For instance, software developers spend years honing their craft which is primarily an “inside the building” activity. Getting them outside the building to go talk to customers is not only perceived as non-productive work (because there isn’t any making involved), but it may also have the disastrous consequence of upsetting the customer or worse losing the customer. Really?
Similarly sales and marketing folks should only do what they are good at and stay clear from code, or risk bringing down the entire production system.
While there is a place for specialization, over specialization and misplaced fears help create organizational policies and silos that over time stifle innovation and can even negatively impact overall throughput.
Local (or sub) optimization is the enemy of overall organizational throughput.
The antidote to breaking this curse is replacing old ingrained habits with new ones. But behavior change is hard. Luckily there is now a science to it.
B = MAT
BJ Fogg, Director of the Persuasive Technology Lab at Stanford University, has developed a simple framework to model human behavior.
Behavior = Motivation * Ability * Trigger
Lets work through this framework to see how it can help us unlearn old behaviors and replace them with newer ones:
Motivation
The first requisite ingredient for behavior change is some kind of an initial triggering event that motivates change i.e. it makes us desire a better outcome than the present.
Note: A number of you should recognize the picture above from my post on the “Physics of Customer Acquisition”. Yes, the same forces that drive customer behavior also apply to us at a meta level.
With yoga, my initial motiviation wasn’t the pursuit of spirituality or the many health benefits, but simply finding a more “efficient” exercise routine that I could fit into my busy schedule. Before Bikram, I used to frequent a gym, occasionally run, and meditate. Even at 90 mins a class, Bikram packed in a workout, meditation, and sauna in one. I gave it a shot and have been hooked ever since.
With running lean, I grew weary of having a 1-2 year cycle time going from an idea to a decision point where I would keep or kill off a product. As I wasn’t getting any younger and had more ideas than resources, this constraint motivated me to search for better and faster ways to vet new ideas.
“Life is Too Short to Build Something Nobody Wants”.
Ability
In order for a behavior to become habit forming, you need to have sufficient ability to complete the action. The action doesn’t necessarily have to be easy. It might even get you slightly outside your comfort zone but still be doable.
Many yoga instructors simply ask beginning students to hold the setup position for the entire length of the pose. You get on one leg and contract your quads until your knee cap lifts up. Then you hold this position for 30 seconds. Sounds simple, but after about 10 seconds you begin to feel your knee bending and have to constantly remind yourself to keep locking your knee.
Over time, muscle memory develops and you can then start progressing through the rest of the pose – still constantly reminding yourself to maintain your foundation which always fights to come undone.

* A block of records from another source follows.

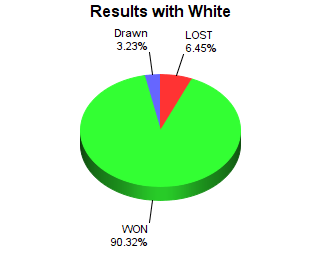 CXR Chess Win-Loss-Draw Pie Chart for Player Connor Goke as White Player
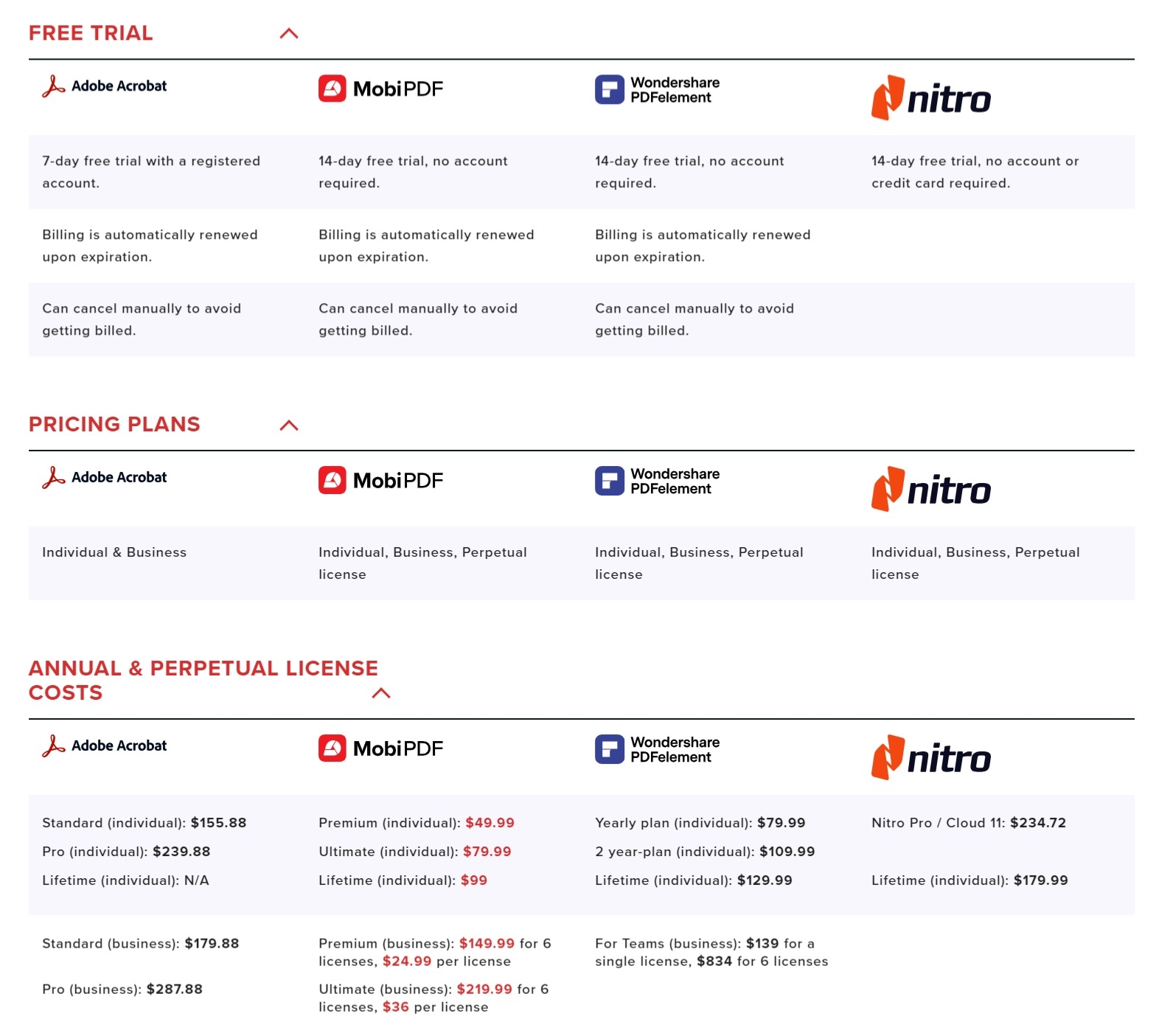 Pricing comparison tables between MobiPDF and leading competitors.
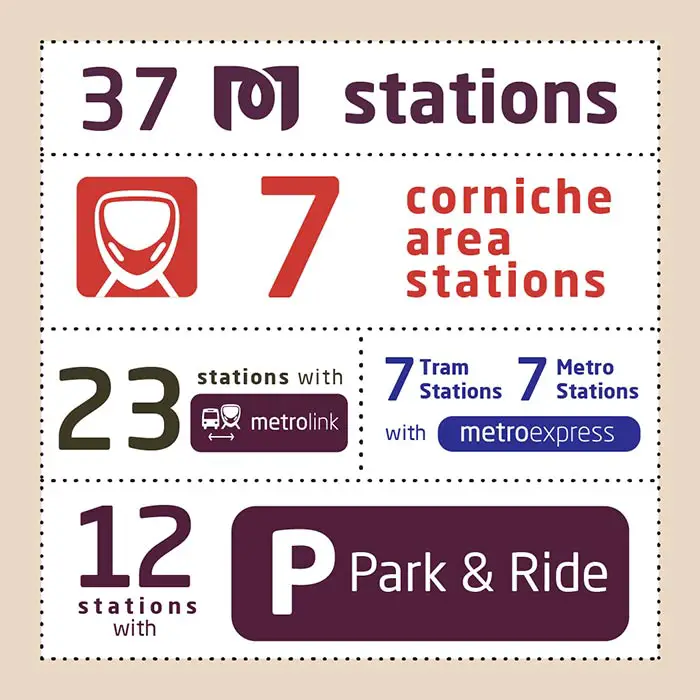 Doha Metro Map, Stations, Timings, Tickets (Oct 2023) Doha Metro highlights infographics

In the examples above, you similarly need to adjust the activities for ability. Having a developer deliver a sales pitch or a salesperson deliver a complete feature could be aiming too high. Instead have the developer simply observe the customer interaction or the sales person commit low risk changes (like fixing spelling errors) at first to build muscle memory. Then gradually level up from there using additional triggers.
Trigger
While the initial trigger (or motivation) is the catalyst that starts the ball rolling, for the change to really manifest into habit forming behavior, you need periodic and regular triggers that keep bringing you back to the specific activity.
One of my favorite techniques here is employing time boxing + external accountability. It is very easy for us to cop out when no one is watching.
“If you fail in the forest, is it really a failure?”
While I can technically practice yoga at home, I practice 3 times a week at a studio for external accountability. Constantly getting called out for not locking my knees by more than one instructor creates a repeatable trigger that reinforces the importance of this action.
With running lean, I employed external accountability right here on this blog with my first blog post. The expectation to continually share my learning around lean is what drove me to continue writing (and eventually teaching) on a regular basis.
I often recommend that entrepreneurs first set up their own external accountability systems and reporting cadence before committing to any project for exactly this reason.
These periodic triggers provide an opportunity for deliberate practice which is key for mastering anything new. Just make sure you gradually level up on ability, use motivation for your desired outcome to push you, and you’ll be locking your knees in no time.
Neo: What are you trying to tell me? That I can dodge bullets?
Morpheus: No, Neo. I’m trying to tell you that when you’re ready, you won’t have to.